And we have now, I have a whiteboard in my office called “the fam” and the people that I became so close to during that time. Now, if I'm ever in a space where things are shifting this idea around, what do you do when the world is moving? They are who I come back to. And it was in this gathering that that all began.

Christine (:

I mean, these moments where we feel we've met brothers and sisters that we didn't know is so powerful. And it's something we see very often with brain dates. People, as somebody told me maybe two, three months ago, you know how I knew that this conversation was successful and it was a great braindate? I said, no. And they said, because it started with a handshake and it ended with a hug. And I was like, I was like, okay, a new KPI. Yes. But these moments are special when you're like, okay, it's just, just, you know, it's a business or it's always just a, when you're able to create this moment where you know people will remember as something that was truly special. I think it's a, it's a blessing.

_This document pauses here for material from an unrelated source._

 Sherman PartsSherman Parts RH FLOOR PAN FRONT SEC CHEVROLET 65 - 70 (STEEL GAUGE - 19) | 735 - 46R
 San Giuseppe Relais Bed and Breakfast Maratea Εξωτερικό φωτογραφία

Lesley, do you have a moment where, where you were part of a group or you hosted and something magical happened?

Lesly (:

I do, I can think of a time where I had the opportunity fairly recently to gather a group of family and friends to celebrate a special milestone. And there was a lot of debate about where to have this gathering. And I ultimately decided to have it in a space that's about 90 minutes away from the closest major city, which I knew might be a little bit of a challenge for some folks, but I thought it was also really important to gather this particular group in a space that many of them had never been and just try to get folks out of comfort zones and out of some traditional habits around the way that we would typically celebrate.

And I also sort of took the leap of inviting some folks who I knew had been experiencing some challenges in their own relationships. And, you know, at this time, I think a lot of folks are seeing this amongst their family and their friend groups. And I ultimately decided that it was important to have these people in the space, even if they weren't necessarily in community with each other. And the beautiful moments that happened that I was not expecting was seeing some of those people whose relationships had been fractured come together in this beautiful setting that they may have never been in otherwise.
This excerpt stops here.